Derek visits several children and tries to collect teeth and give out dollars, but what with cats, waking children and being 'called' in the middle of a hockey match leading to his shrinking himself and jumping in a toilet to escape, he is not doing very well at it. Lily says that he is the worst tooth fairy ever and denies Derek any more supplies from Jerry for the remainder of his sentence, criticizing his lack of faith in children. Afterward, he is approached by a fairy named Ziggy who provides him black market supplies. Later that night, the items malfunction and Derek is seen by a child's mother and arrested. While behind bars, Tracy tells Derek that Lily extended his duty to three weeks. However, he offers to give Derek proper supplies if he will start acting like a tooth fairy. Carly bails Derek out.

Derek works on improving his tooth fairy skills and bonding with Tracy and Randy, but when Derek can't score a goal at a hockey game, he takes his frustration out on Randy, telling him that he will never become a rock star. With his dreams crushed, Randy tearfully smashes his guitar and a disappointed Carly breaks up with Derek, telling him his biggest flaws are his inability to be optimistic and that he can't say "what if".

Later, Tracy comes to Derek's house, much to Derek's annoyance.
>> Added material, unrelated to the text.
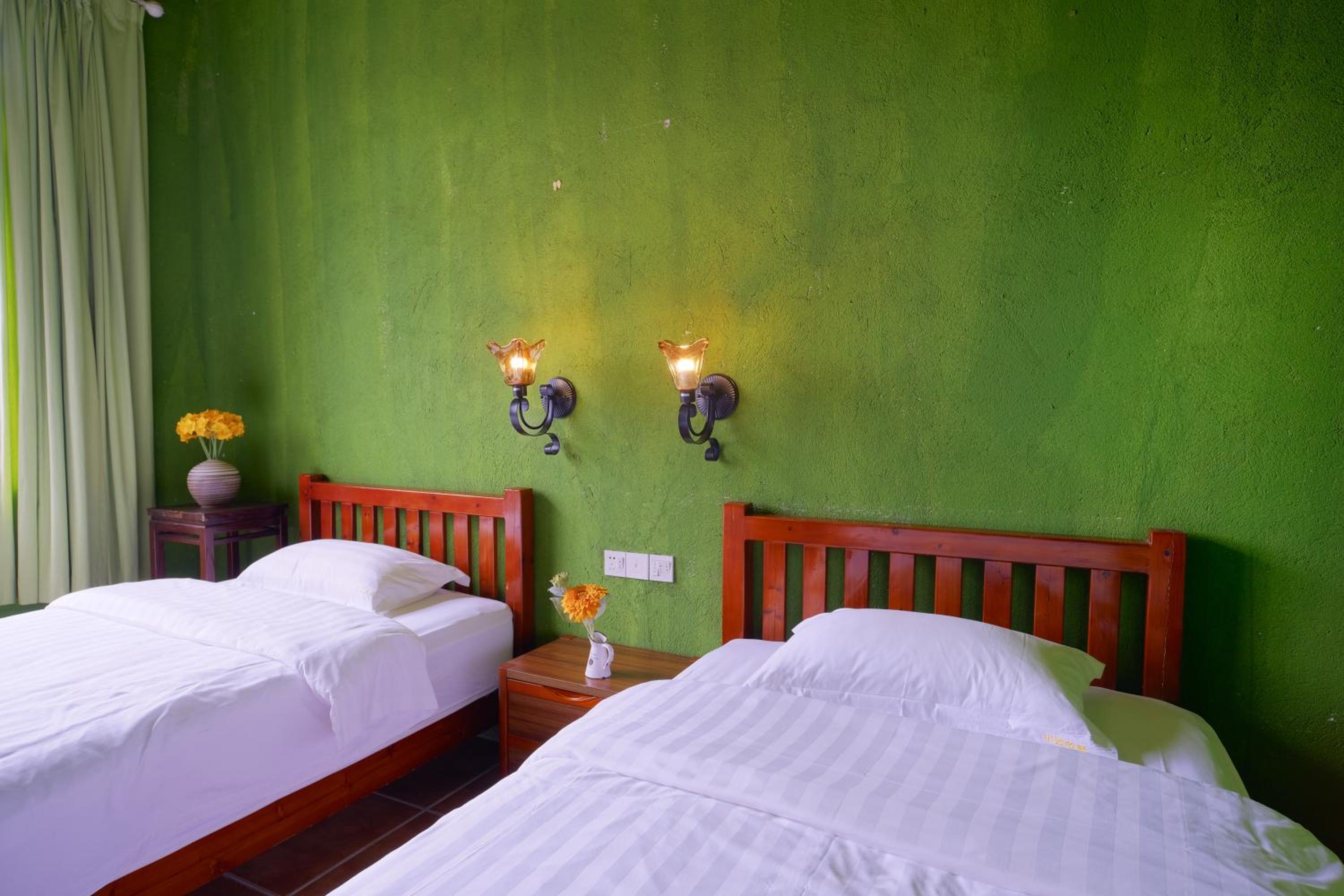 Yangshuo Eden's Social Guesthouse - Wake up to a hearty Western breakfast & fresh craft coffee & night beers & outdoor activities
He announces that he is a tooth fairy-in-training, but that Derek's dream crushing reputation hurts himself more than others as Derek orders him to get out of his house. At the next hockey game, Derek gets back on the ice and sees Tracy. Tracy wants to teach Derek the importance of dreams, encouraging Derek to score a goal and go get Tess' tooth. With a renewed spirit, Derek scores the goal, gets into his tooth fairy costume, and flies away, while Tracy spreads Amnesia Dust on the audience to cover up the event.

At Carly's, Tess sees Derek taking her tooth, but she promises to keep it a secret. Derek apologizes to Randy and encourages him to keep pursuing his dreams, using his magic wand to grant Randy a new guitar. Downstairs, Carly sees Derek as a tooth fairy, but assumes that he rented a costume for Tess' sake, causing her to forgive him. Derek flies Randy to the talent show throwing Amnesia Dust on him when they arrive.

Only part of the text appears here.